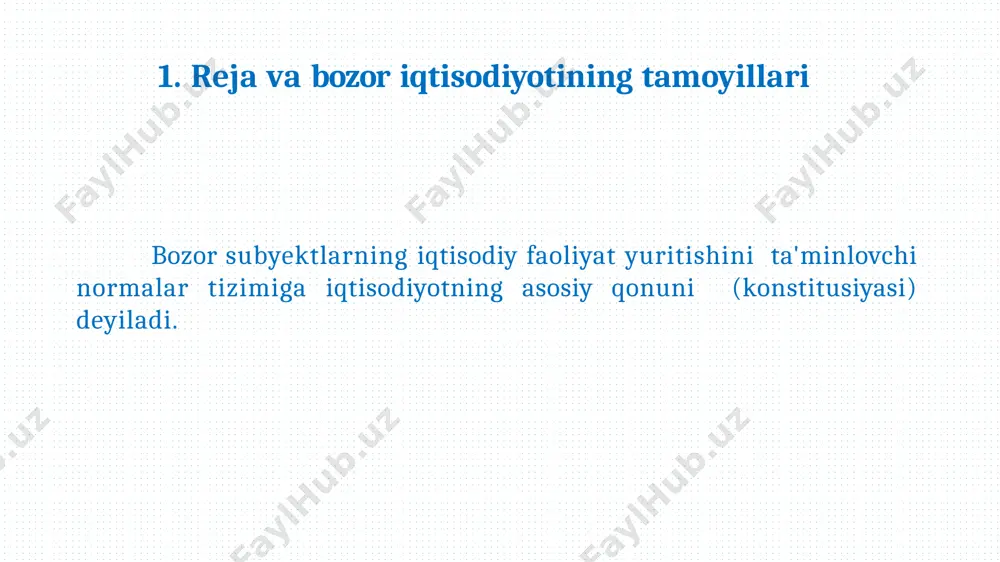 - y buyruqbozlik matritsasi - x institutlarning funktsiyalari rejali iqtisodiyot matritsasi (dispotiya) - х bozor iqtisodiyoti matritsasi - y boshqaruv tizimi ierarxik vertikal markaziy boshqaruv o‘z – o‘zini boshqarish qaror qabul qilish bir ovozdan demokratik ko’plik va pluralizm rahbarlik lavozimi tayinlash saylash ishlash yuritish prinsipi oliy hokimiyatning xoxish-istaklari qonun ustivorligi mehnat tizimi rasmiy mehnat yollanma mehnat jamiyatning ijtimoiy tuzilmasi tenglik tabaqalanish mehnat munosabatlari ma’naviy rag’batga yo’naltirilgan mehnat motivatsiyasi moddiy rag’batga yo’naltirilgan mehnat motivatsiyasi e’tiboringiz uchun tashakkur! image2.png image3.png image4.png image5.png image6.png image7.png image8.png image9.png image10.png image11.png image12.png image13.png image14.png image15.png image16.png image1.png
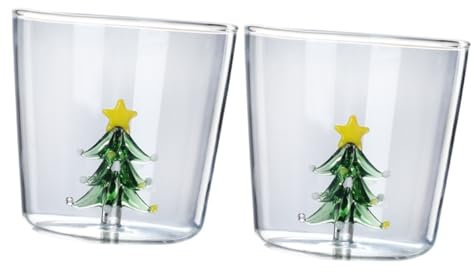 Cabilock 2Pcs High Borosilicate Glass Christmas Tree Wine Glasses Holiday Cocktail Cups 3D Juniper Berries Design Clear Drinking Glasses for Home Use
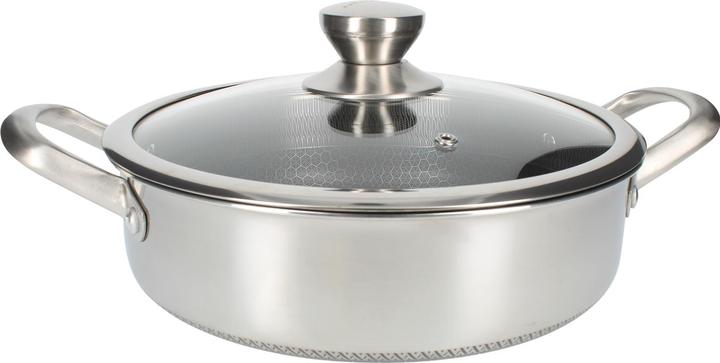 Immagine prodotto Cheffinger Premium Sauter Pfanne mit Deckel (28 cm, Padella per friggere, Acciaio inossidabile)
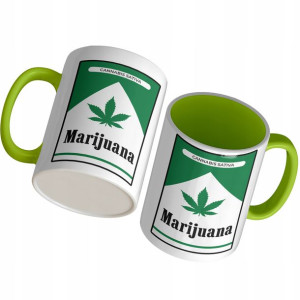 KUBEK Wnętrze ZIELONE Marihuana WEED Wiele WZORÓW
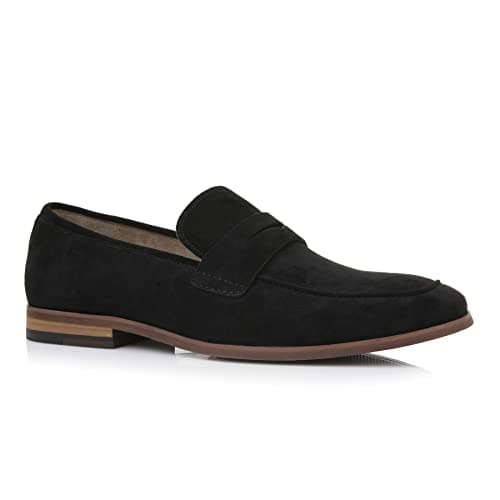 Image of Ferro Aldo Men's Loafer Collection | Classic Slip-on Penny Loafers & Driving Moccasins for Casual & Dress, 1. Black [Suede], 8 UK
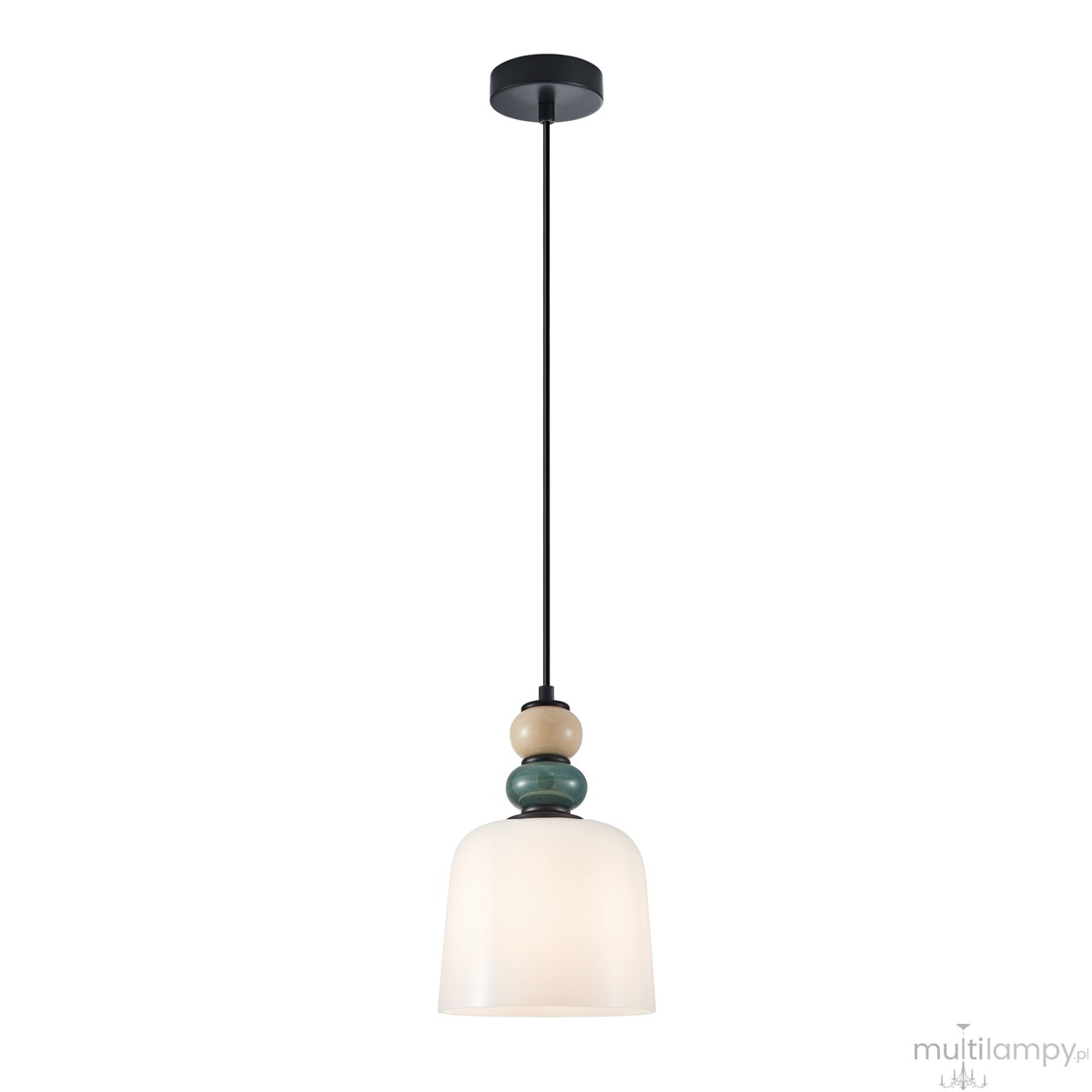 Bonato lampa wisząca 1xE27 czarna/biały PND-36573-1C-BK-WH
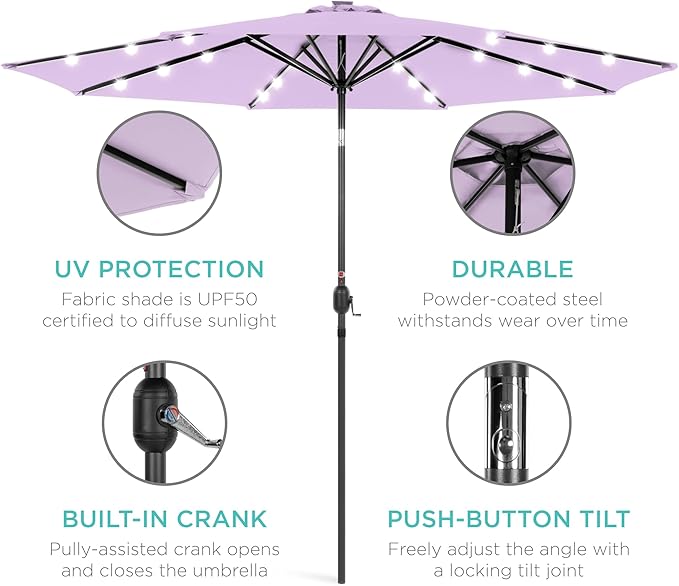 Best Choice Products 10ft Solar Polyester LED Lighted Patio Umbrella w/Tilt Adjustment and UV-Resistant Fabric - Image 5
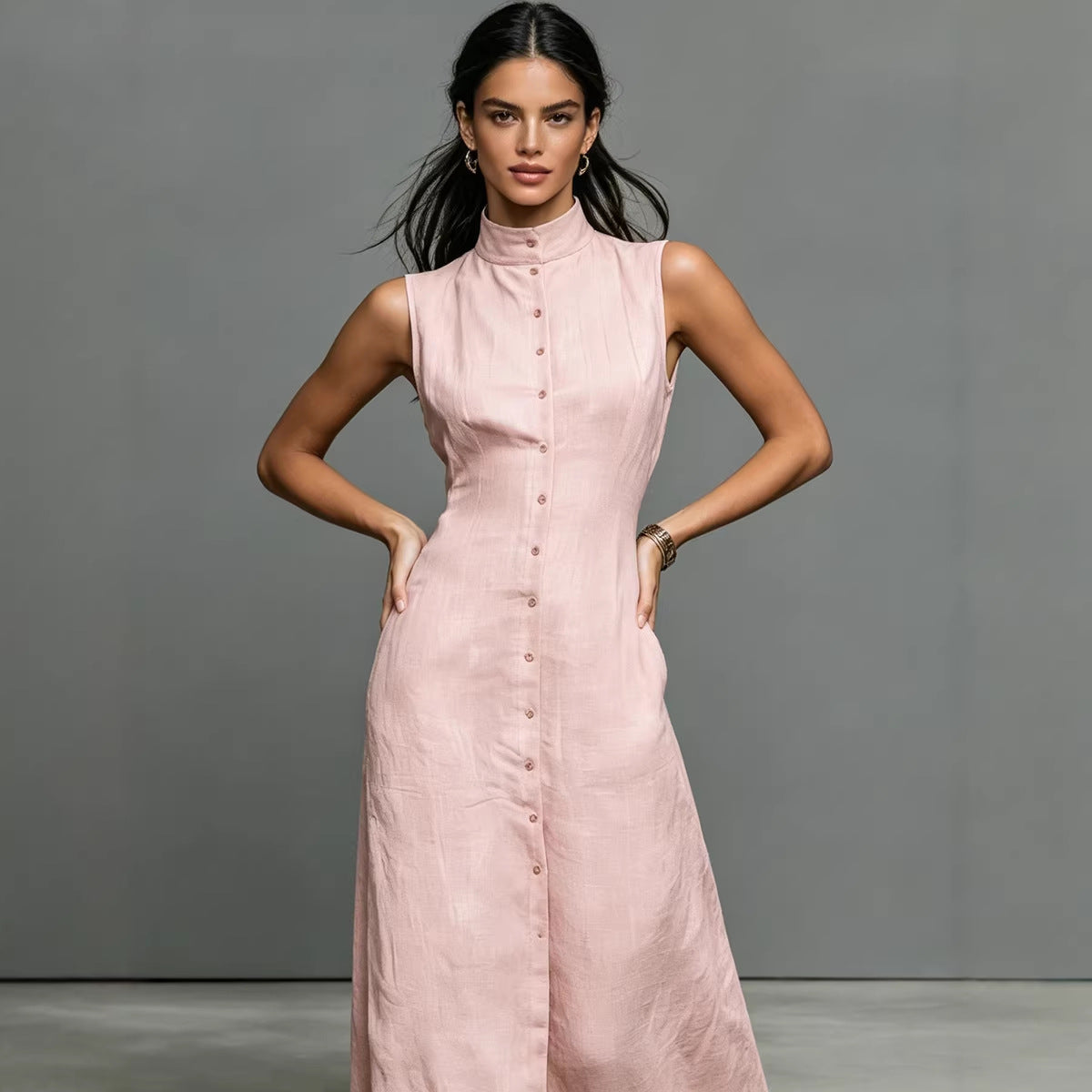 Women's Stand-Collar Single-Breasted Sleeveless Midi Dress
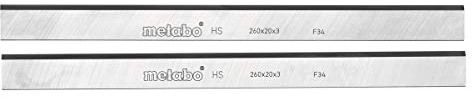 metabo HSS Hobelmesser 2er Set, HC 260 C/M/K, 260 x 20 x 3 mm, Ersatzmesser | Für Weichholz und Hartholz, nachschleifbar, 18% Wolframanteil, passend für HC 260, präzises Hobelbild und saubere Oberflächen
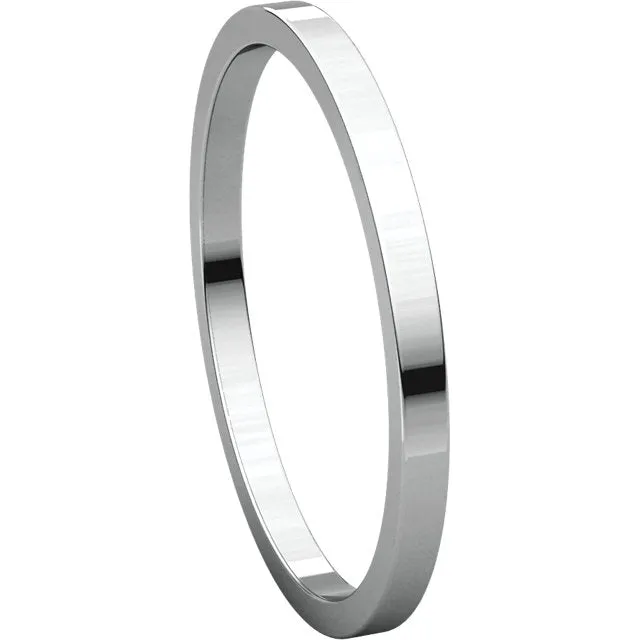 14k White Gold 1.5mm Flat Band, Size 9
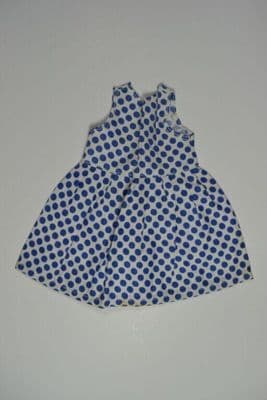 Navy Blue White Printed Cotton A-Line Dress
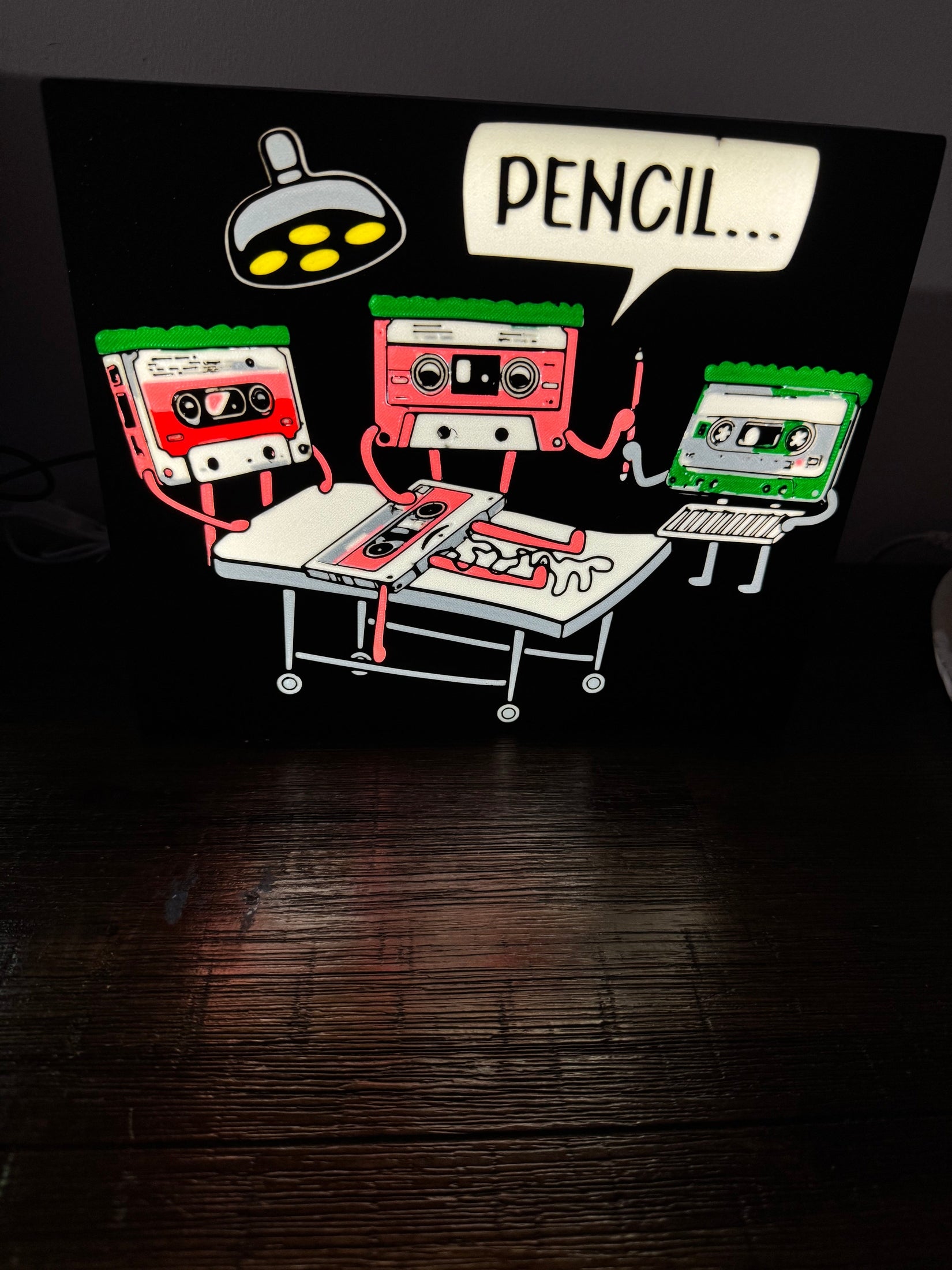 Retro Cassette Tape "Pencil..." - LED Light Up Sign - USB Powered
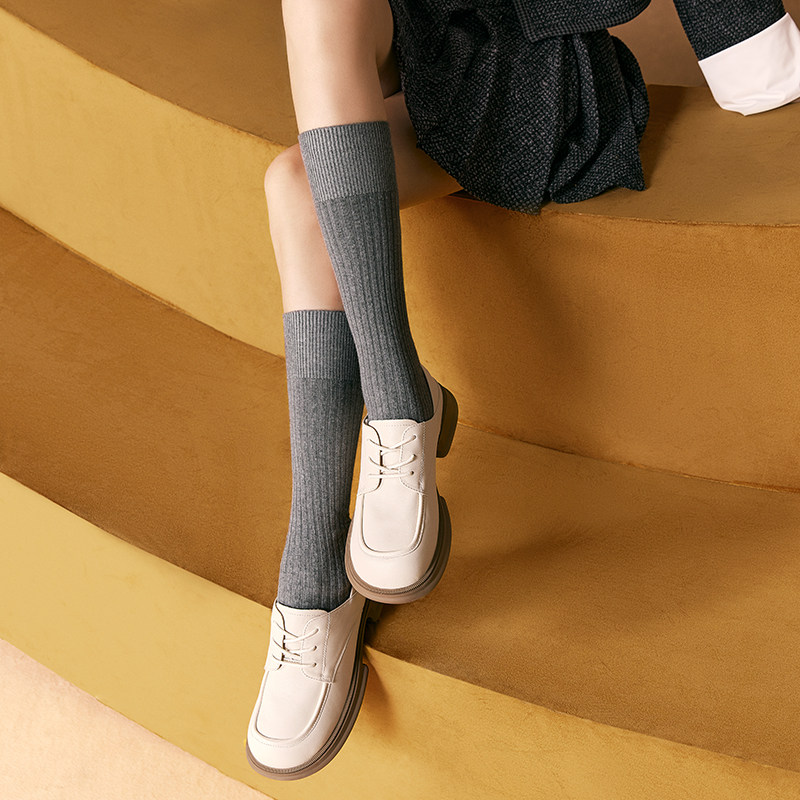 百丽2023春季新款商场黑色牛津鞋 百丽牛津鞋/布洛克鞋/德比鞋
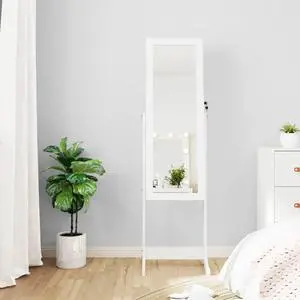 vidaXL Mirror Jewelry Cabinet White Engineered wood, Glass, Fabric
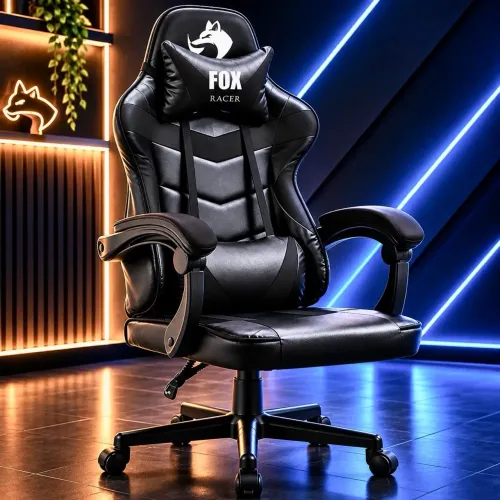 Cadeira Gamer Fox Racer Nordic Preta Ergonômica Reclinável Nova
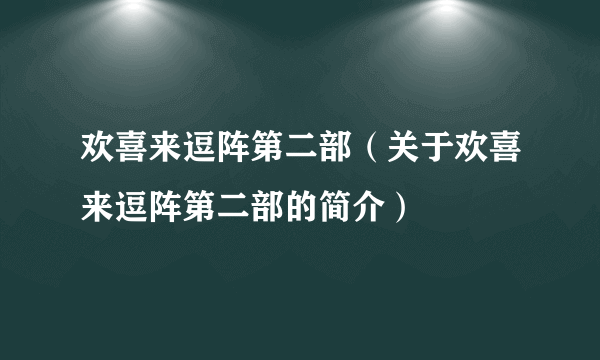 欢喜来逗阵第二部（关于欢喜来逗阵第二部的简介）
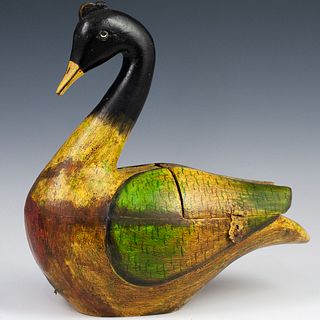 Folk Art Carved Wood Duck Box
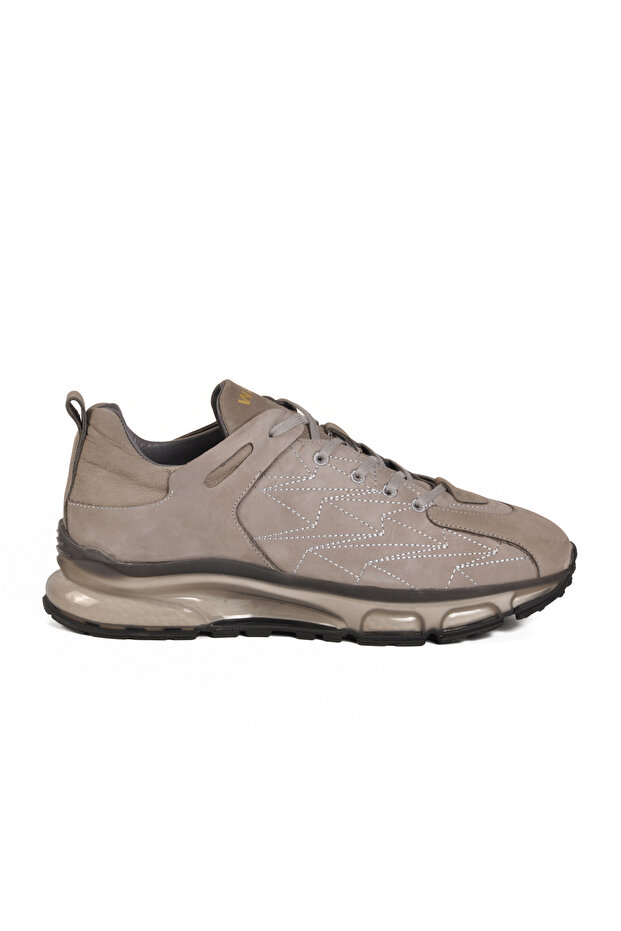 Gray Lace-Up Genuine Leather Men's Sports Shoes 2623 m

======

## Task objective
Could you write out exactly the lines running from the one with "Best Choice Products" through the last line of the data above, both ends kept, and omit any picture?

## Task result
 Best Choice Products 10ft Solar Polyester LED Lighted Patio Umbrella w/Tilt Adjustment and UV-Resistant Fabric - Image 5
 Women's Stand-Collar Single-Breasted Sleeveless Midi Dress
 metabo HSS Hobelmesser 2er Set, HC 260 C/M/K, 260 x 20 x 3 mm, Ersatzmesser | Für Weichholz und Hartholz, nachschleifbar, 18% Wolframanteil, passend für HC 260, präzises Hobelbild und saubere Oberflächen
 14k White Gold 1.5mm Flat Band, Size 9
 Navy Blue White Printed Cotton A-Line Dress
 Retro Cassette Tape "Pencil..." - LED Light Up Sign - USB Powered
 百丽2023春季新款商场黑色牛津鞋 百丽牛津鞋/布洛克鞋/德比鞋
 vidaXL Mirror Jewelry Cabinet White Engineered wood, Glass, Fabric
 Cadeira Gamer Fox Racer Nordic Preta Ergonômica Reclinável Nova
 欢喜来逗阵第二部（关于欢喜来逗阵第二部的简介）
 Folk Art Carved Wood Duck Box
 Gray Lace-Up Genuine Leather Men's Sports Shoes 2623 m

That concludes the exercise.